Xiaohan Zhou1, Yan Liang1,2, Wentao Liu1, Yan Fan3, and Dong Han1,2
1National Center for Nanoscience and Technology, Beijing, China, 2School of Future Technology, University of Chinese Academy of Sciences, Beijing, China, 3GE Healthcare, Beijing, China

Synopsis

Keywords: Psychiatric Disorders, Treatment, Non-pharmacological therapies; Sleep; Chinese Medicine

Motivation: This study is motivated by the increasing interest in non-pharmacological approaches, like RN12-ARP, to improve sleep quality and address sleep-related problems.

Goal(s): The specific aim is to investigate RN12-ARP's effects on sleepiness, EEG patterns, and brain activity in individuals with insomnia, exploring its potential as a solution for sleep disturbances.

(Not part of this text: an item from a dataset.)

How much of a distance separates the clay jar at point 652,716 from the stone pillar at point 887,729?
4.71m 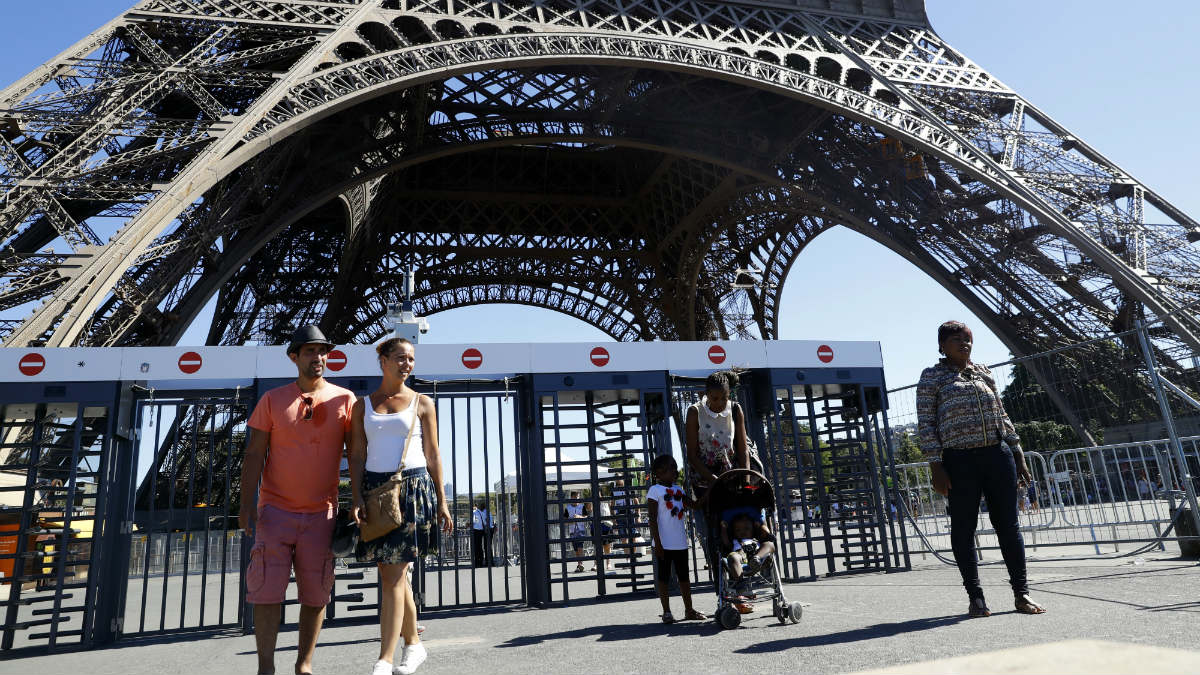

Approach: Seventeen participants undergo RN12-ARP sessions, collecting EEG, sleep diaries, and psychological assessments, analyzed using high-density EEG and MRI.

Results: The study shows that RN12-ARP induces immediate sleepiness, supported by EEG-fMRI. Psychological scales have limited effects, but sleep diaries hint at improved sleep, suggesting potential for insomnia treatment, pending further research.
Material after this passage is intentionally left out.